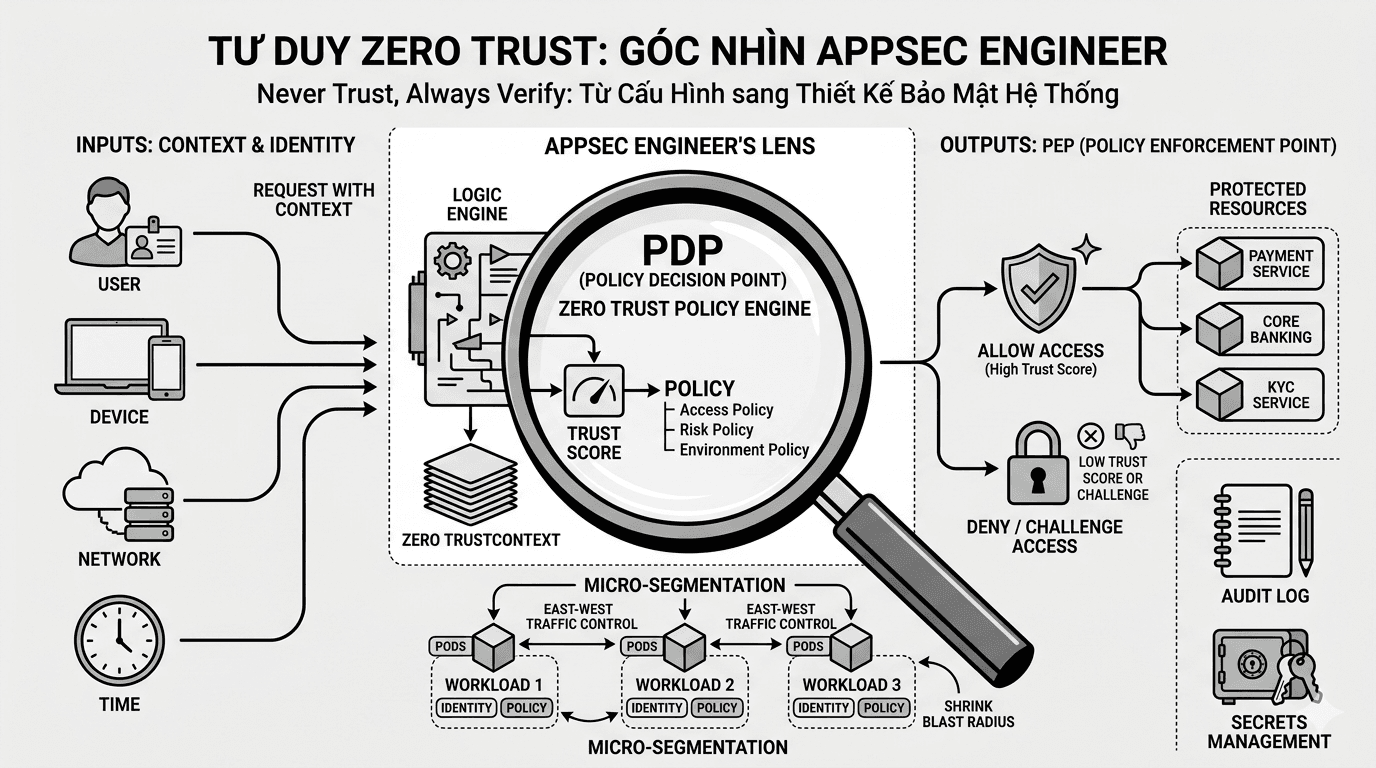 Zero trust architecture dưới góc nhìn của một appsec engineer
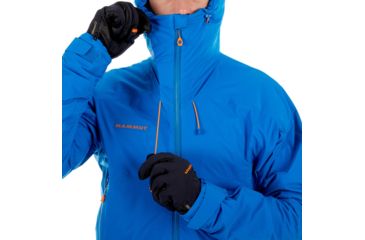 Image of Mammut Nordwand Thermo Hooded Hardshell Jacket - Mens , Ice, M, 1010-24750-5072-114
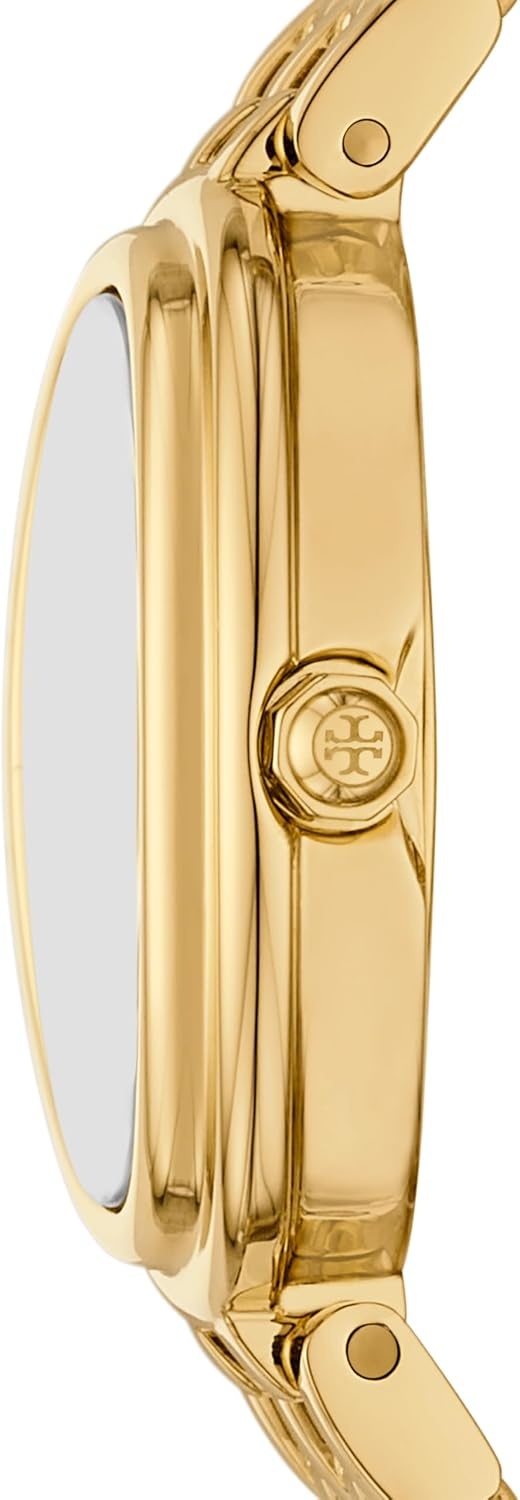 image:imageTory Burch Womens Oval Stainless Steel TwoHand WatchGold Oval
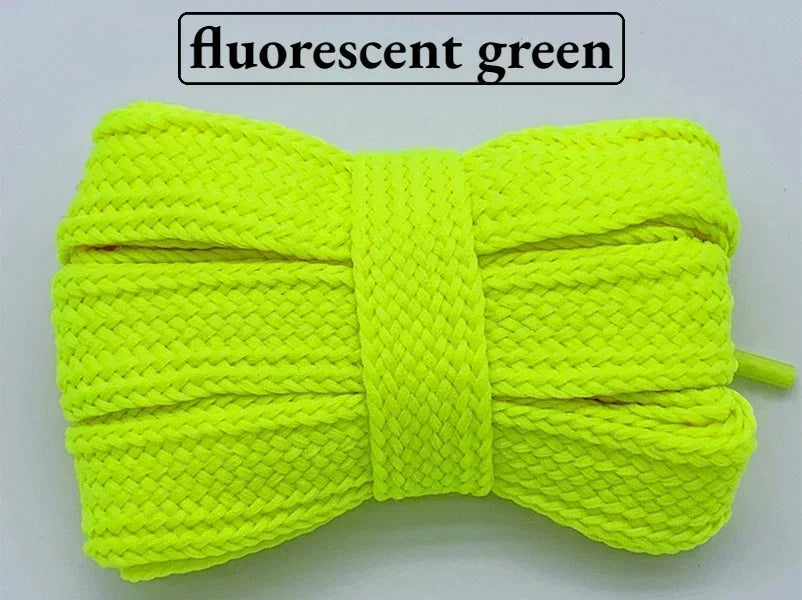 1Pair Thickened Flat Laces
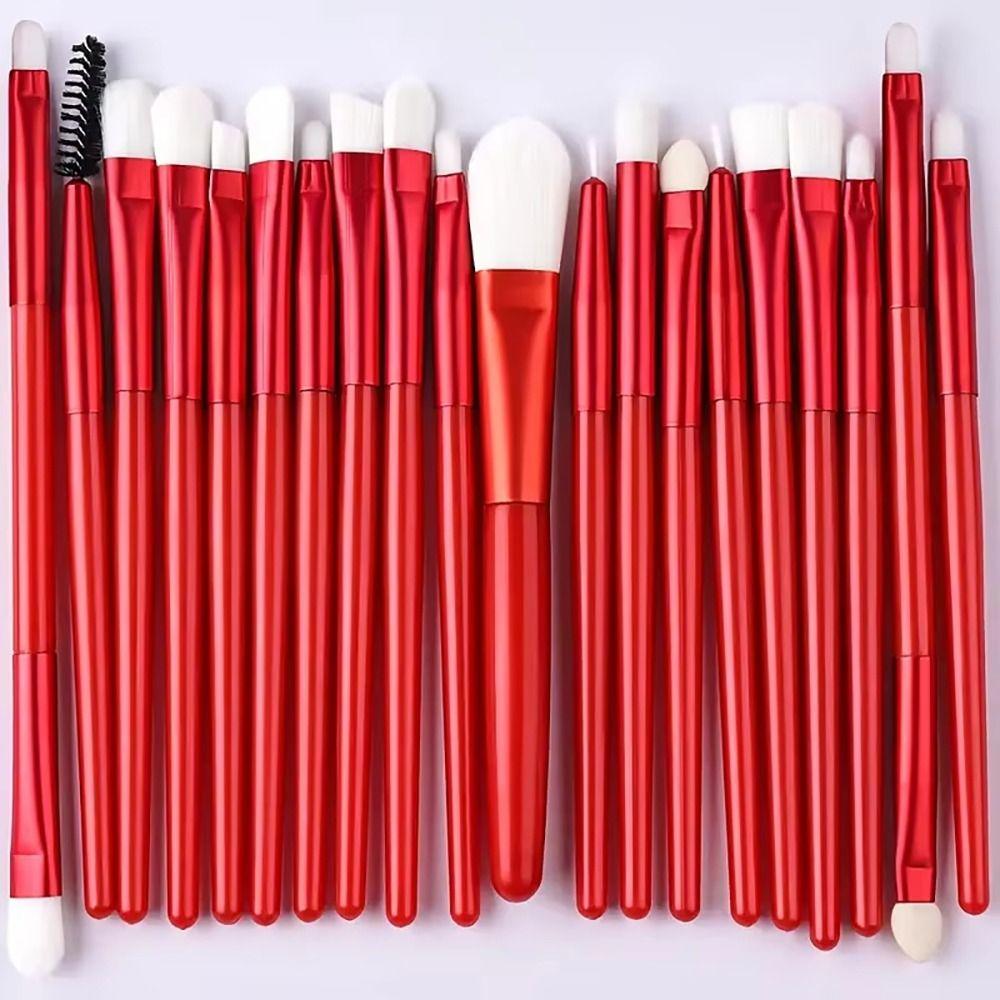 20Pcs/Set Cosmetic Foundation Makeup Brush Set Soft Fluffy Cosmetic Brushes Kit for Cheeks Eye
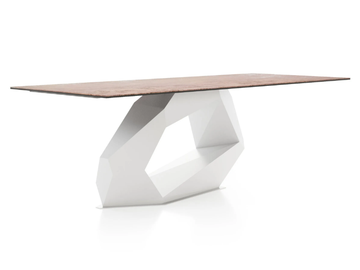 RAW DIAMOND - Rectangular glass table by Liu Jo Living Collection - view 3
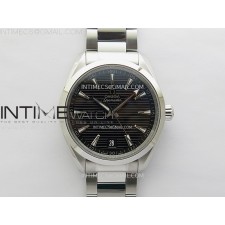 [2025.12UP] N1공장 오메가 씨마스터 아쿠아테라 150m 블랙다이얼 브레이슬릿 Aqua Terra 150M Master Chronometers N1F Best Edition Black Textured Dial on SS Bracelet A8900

* * *

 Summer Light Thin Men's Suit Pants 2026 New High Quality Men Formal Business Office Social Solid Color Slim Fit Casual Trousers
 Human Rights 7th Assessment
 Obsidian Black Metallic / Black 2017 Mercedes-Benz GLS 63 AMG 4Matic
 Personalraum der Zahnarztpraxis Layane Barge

What to work on:
The line holding "Image of Mammut" starts the copy and the line holding "1Pair Thickened Flat Laces" ends it. Repeat those two lines above and all between them exactly, leaving out pictures.

Solution for this task:
 Image of Mammut Nordwand Thermo Hooded Hardshell Jacket - Mens , Ice, M, 1010-24750-5072-114
 image:imageTory Burch Womens Oval Stainless Steel TwoHand WatchGold Oval
 1Pair Thickened Flat Laces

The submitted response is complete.